BEGIN Extracted data

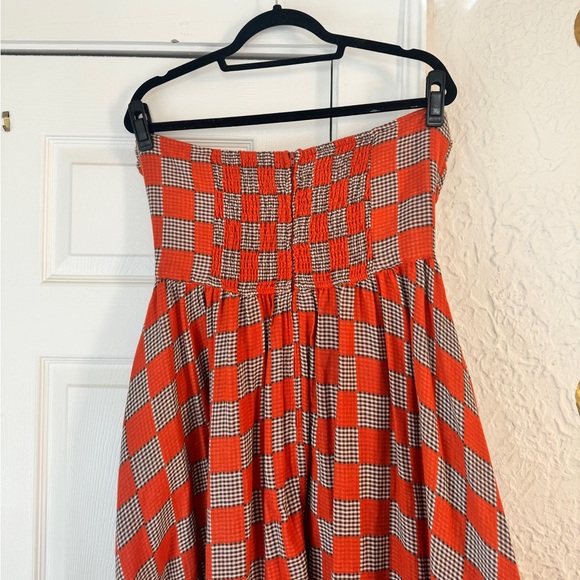 Fashion Brand Company Checkers Chess Strapless Dress - Picture 5 of 7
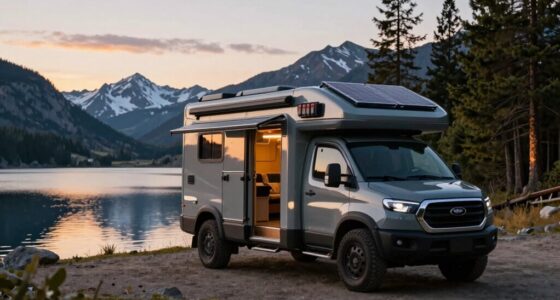 top solar lithium truck campers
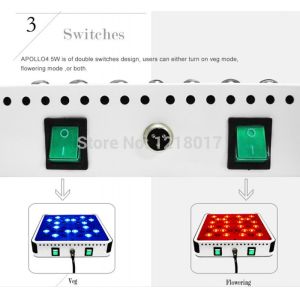 Cheap 200W led grow light ultra thin 5W chip led grow light with CE and ROHS for sale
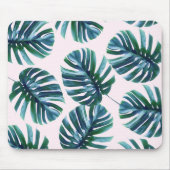 Monstera Muster Mousepad (Vorne)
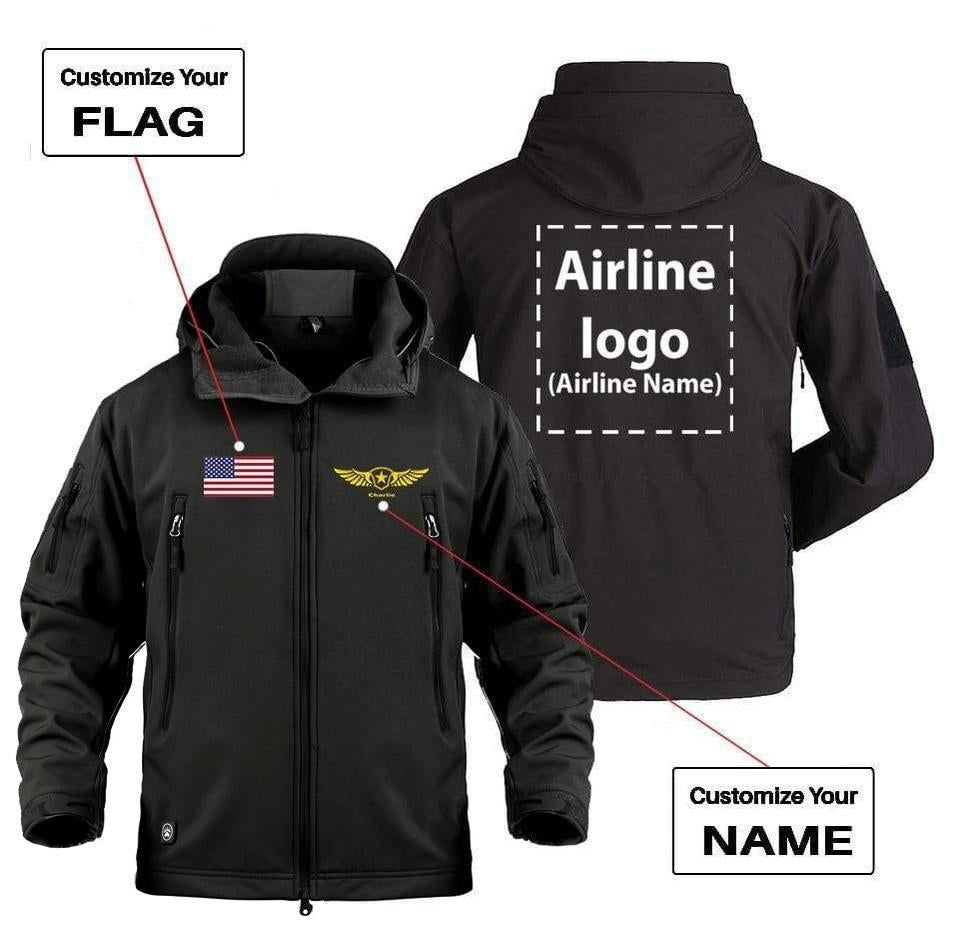 CUSTOM NAME, FLAG & AIRLINE LOGO DESIGNED MILITARY FLEECE THE AV8R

END Extracted data

Task description:
Transcribe all the lines above exactly, apart from the pictures.

Answer to this exercise:
 Fashion Brand Company Checkers Chess Strapless Dress - Picture 5 of 7
 top solar lithium truck campers
 Cheap 200W led grow light ultra thin 5W chip led grow light with CE and ROHS for sale
 Monstera Muster Mousepad (Vorne)
 CUSTOM NAME, FLAG & AIRLINE LOGO DESIGNED MILITARY FLEECE THE AV8R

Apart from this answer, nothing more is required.